Civil Engineering and Geosciences

Abstract

The overflow mixture of hopper dredgers contains fine sediment which when released in the environment forms a so-called plume. The spreading of this sediment and the related turbidity increase and sedimentation pattern can be of environmental importance. Understanding the behaviour of these plumes is therefore important. The first phase of the plume is called dynamic. It is characterized by the rapid descent of a dense mixture under influence of its initial momentum and buoyancy. The dynamic phase is followed by the passive phase that is governed by the settling behaviour of the particles. The behaviour and fate of the dynamic phase is depending on several influences and is therefore more difficult to model than the passive phase. This M.Sc. thesis is focused on getting more insight in some of these influences. Also the implementation of these influences in dynamic plume models is investigated. A preliminary study was carried out to investigate both theory and modelling of dynamic plumes in order to define the knowledge gaps present. The possibilities to fill these knowledge gaps were studied which resulted in carrying out experiments on two interesting influences on the dynamic plume: stripping and vortex divergence. Stripping is defined as the removal of material from a dynamic plume by the cross flow. Its process is not well understood and the few quantifications presented in literature were found to have no proper base. To obtain more information laboratory experiments were performed at a 1:100 distorted Richardson scale. The experiments were partly hindered by the limited flume dimensions of the experimental setup, but the tests yielded interesting observations.
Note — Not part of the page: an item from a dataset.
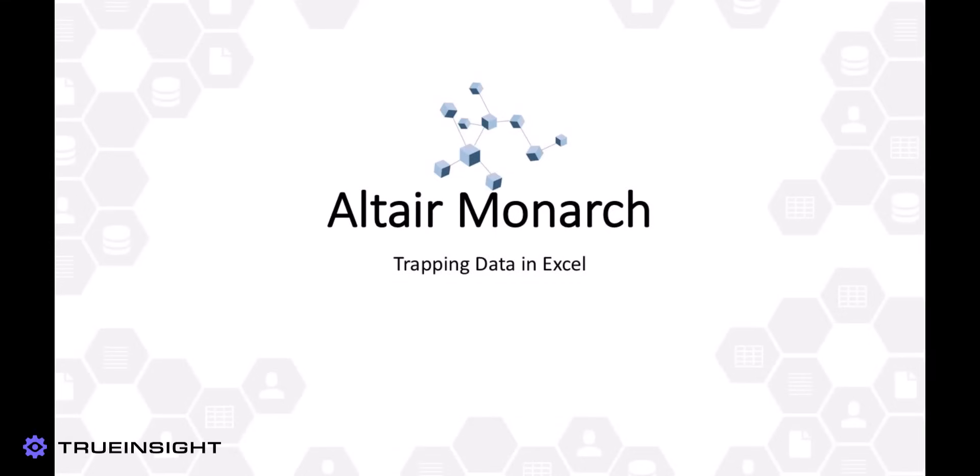Altair Monarch is the premier tool for data extraction, cleansing, and preparation. Some users may even look at the interface of the tool and think that it is simply a replacement for spreadsheet software like Microsoft Excel or Google Sheets, but that is not the case.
Vortex divergence is depending on the strength of the vortex pair that is formed when a plume is bent over by a cross flow. In homogenous surroundings the plume is said to be non-bifurcating, but the vortices of the vortex pair are diverging at a near constant rate. This divergence was already observed in the stripping experiments and was further investigated in extra specialized experiments. Next to that the need and possibility for an extension of the CORMIX model to include this divergence was investigated.